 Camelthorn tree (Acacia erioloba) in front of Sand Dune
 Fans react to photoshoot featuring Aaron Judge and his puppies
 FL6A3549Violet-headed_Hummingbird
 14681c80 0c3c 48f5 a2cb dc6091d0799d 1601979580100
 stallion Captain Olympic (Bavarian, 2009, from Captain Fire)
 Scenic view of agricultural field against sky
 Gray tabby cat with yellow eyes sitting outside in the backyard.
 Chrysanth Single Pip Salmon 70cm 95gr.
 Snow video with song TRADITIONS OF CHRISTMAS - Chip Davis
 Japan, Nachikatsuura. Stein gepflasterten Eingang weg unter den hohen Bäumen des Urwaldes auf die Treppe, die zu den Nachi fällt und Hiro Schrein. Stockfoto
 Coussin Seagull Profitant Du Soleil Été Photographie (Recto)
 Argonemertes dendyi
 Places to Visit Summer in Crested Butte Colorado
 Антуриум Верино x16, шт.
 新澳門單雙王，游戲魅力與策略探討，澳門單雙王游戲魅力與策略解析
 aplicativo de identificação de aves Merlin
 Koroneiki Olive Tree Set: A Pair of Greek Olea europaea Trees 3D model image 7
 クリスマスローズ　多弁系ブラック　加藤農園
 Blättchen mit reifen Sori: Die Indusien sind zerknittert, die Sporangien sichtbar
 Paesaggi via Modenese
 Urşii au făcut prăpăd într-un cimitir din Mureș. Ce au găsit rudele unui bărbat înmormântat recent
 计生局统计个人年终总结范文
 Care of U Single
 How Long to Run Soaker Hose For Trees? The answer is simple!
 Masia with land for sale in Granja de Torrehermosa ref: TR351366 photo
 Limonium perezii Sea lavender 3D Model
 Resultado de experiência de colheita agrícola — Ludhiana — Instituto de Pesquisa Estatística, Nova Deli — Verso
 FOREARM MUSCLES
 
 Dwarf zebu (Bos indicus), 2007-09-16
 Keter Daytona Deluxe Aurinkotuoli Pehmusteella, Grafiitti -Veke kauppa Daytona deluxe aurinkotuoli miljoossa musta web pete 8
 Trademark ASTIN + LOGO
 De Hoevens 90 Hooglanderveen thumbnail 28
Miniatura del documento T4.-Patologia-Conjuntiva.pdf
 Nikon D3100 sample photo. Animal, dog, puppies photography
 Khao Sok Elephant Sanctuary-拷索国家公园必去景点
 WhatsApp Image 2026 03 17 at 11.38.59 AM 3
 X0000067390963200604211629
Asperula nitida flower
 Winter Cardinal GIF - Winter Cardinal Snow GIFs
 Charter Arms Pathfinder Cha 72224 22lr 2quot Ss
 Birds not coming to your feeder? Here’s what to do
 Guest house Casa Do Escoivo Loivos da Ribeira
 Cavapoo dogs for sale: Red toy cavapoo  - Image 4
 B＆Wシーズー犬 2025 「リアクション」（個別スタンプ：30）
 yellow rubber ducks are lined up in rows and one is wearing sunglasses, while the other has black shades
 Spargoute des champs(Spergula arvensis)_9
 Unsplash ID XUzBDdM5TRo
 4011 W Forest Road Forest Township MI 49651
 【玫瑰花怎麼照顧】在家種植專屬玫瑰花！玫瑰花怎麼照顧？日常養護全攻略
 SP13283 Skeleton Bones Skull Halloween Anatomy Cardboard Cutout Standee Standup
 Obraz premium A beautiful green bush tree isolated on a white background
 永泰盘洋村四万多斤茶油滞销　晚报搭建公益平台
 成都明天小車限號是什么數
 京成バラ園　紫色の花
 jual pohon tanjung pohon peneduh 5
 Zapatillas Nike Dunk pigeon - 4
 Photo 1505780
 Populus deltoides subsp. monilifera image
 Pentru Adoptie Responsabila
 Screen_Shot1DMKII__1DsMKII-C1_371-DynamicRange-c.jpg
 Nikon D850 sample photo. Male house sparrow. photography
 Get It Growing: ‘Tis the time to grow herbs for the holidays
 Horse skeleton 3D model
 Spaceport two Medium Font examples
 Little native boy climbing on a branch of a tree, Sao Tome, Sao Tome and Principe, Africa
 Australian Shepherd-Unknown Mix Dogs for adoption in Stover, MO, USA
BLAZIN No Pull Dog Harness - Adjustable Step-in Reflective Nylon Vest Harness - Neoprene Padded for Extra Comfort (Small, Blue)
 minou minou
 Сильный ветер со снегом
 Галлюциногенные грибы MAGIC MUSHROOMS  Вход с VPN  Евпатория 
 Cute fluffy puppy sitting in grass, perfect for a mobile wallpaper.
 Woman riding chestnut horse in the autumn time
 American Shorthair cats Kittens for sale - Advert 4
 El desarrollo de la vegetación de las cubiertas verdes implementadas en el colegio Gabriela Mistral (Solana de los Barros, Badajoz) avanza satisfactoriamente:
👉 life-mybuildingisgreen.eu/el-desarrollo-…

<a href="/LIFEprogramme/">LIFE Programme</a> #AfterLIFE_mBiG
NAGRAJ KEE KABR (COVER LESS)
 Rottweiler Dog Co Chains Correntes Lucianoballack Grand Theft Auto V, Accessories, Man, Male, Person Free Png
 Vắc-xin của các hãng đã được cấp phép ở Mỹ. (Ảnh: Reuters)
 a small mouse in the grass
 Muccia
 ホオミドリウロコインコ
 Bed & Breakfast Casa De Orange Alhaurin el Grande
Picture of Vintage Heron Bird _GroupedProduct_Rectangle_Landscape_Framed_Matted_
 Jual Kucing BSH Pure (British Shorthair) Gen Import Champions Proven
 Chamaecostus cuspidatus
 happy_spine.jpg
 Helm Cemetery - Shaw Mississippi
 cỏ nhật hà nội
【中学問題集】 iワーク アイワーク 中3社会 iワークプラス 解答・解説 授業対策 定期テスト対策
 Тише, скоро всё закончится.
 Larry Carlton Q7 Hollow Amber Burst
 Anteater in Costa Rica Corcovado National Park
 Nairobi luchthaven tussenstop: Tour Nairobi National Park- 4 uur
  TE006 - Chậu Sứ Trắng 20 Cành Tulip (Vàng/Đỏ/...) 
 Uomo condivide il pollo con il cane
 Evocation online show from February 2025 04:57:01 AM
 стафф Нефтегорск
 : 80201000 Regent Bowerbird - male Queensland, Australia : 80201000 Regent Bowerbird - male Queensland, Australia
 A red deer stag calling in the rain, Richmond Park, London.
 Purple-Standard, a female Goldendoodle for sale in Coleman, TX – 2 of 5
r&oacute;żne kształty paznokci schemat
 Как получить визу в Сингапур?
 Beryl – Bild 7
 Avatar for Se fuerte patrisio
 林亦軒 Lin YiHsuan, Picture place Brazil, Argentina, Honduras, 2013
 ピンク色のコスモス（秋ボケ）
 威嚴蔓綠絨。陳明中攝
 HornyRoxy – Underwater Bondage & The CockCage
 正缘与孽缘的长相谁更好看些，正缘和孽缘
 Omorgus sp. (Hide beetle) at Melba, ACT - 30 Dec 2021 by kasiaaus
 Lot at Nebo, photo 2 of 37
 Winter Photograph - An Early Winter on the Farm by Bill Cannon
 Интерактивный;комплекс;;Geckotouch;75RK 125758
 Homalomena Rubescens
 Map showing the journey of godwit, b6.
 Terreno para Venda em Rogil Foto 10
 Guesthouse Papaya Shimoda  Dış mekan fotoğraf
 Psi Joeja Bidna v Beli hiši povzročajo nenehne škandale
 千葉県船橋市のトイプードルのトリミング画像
____
Problem statement - Please, from the entries above, set down exactly the lines from the one containing "正缘与孽缘的长相谁更好看些，正缘和孽缘" through the one containing "Terreno para Venda em Rogil Foto 10", and only those.

Result below -
 正缘与孽缘的长相谁更好看些，正缘和孽缘
 Omorgus sp. (Hide beetle) at Melba, ACT - 30 Dec 2021 by kasiaaus
 Lot at Nebo, photo 2 of 37
 Winter Photograph - An Early Winter on the Farm by Bill Cannon
 Интерактивный;комплекс;;Geckotouch;75RK 125758
 Homalomena Rubescens
 Map showing the journey of godwit, b6.
 Terreno para Venda em Rogil Foto 10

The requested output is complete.